[ale] Networking question
Joe Knapka
jknapka at kneuro.net
Sat Jul 23 00:26:39 EDT 2005
Trey Sizemore <trey at fastmail.fm> writes:
> I have a networking conceptual problem. Suppose I plan to use the
> 192.168.0.1 network for an intranet. With a default network mask of
> 255.255.255.0 I would have 254 host addresses available.
>
> With a 25-bit mask (255.255.255.128) I would be able to have 2
> subnetworks and each would be able to have 126 addresses available.
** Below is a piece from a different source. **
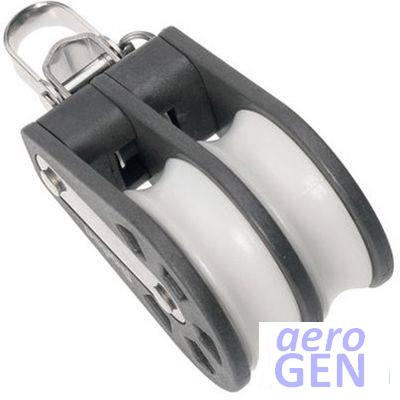 Block - Double Plain - Barton - 1220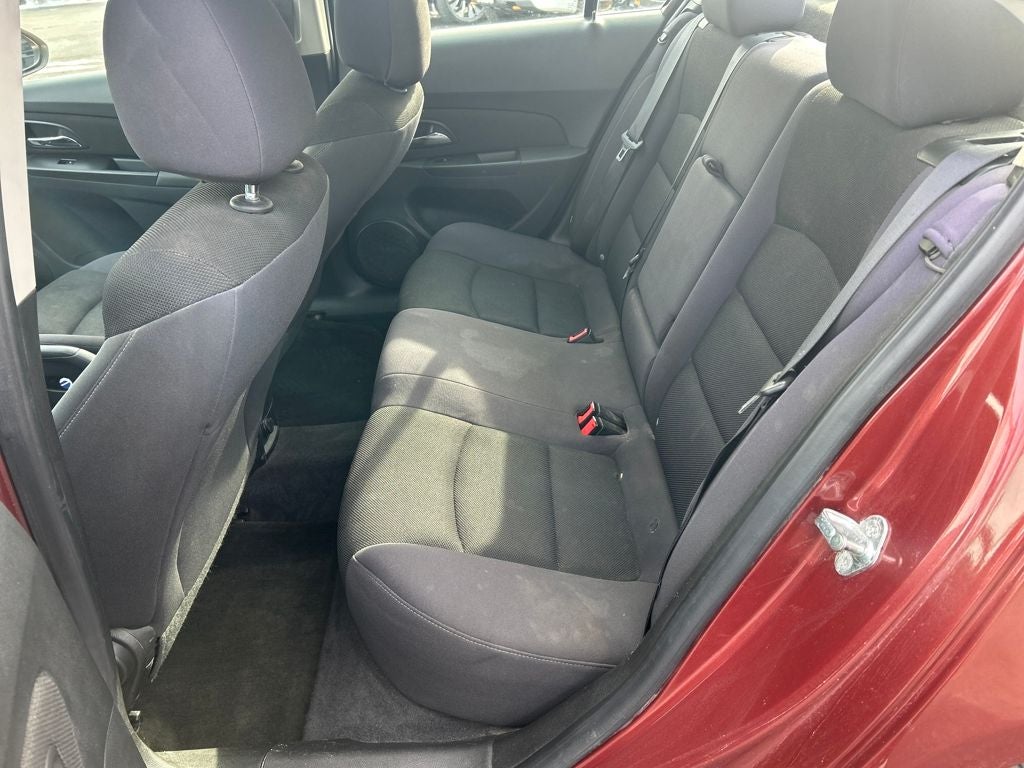 2013 Chevrolet Cruze 1LT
The
> host ranges for each would be 192.168.1.1 - 192.168.1.127 and
> 192.168.1.129 - 192.168.1.255.
>
> Now, with a 26-bit mask (255.255.255.192) I understand that I would be
> able to have 4 subnets and each would support 62 hosts, but what would
> the host ranges be?
The way I like to think about these things, is to insert an extra dot
in the middle of (in this case) the low-order byte. In this case, the
extra dot goes between the top two (network) and bottom six (host)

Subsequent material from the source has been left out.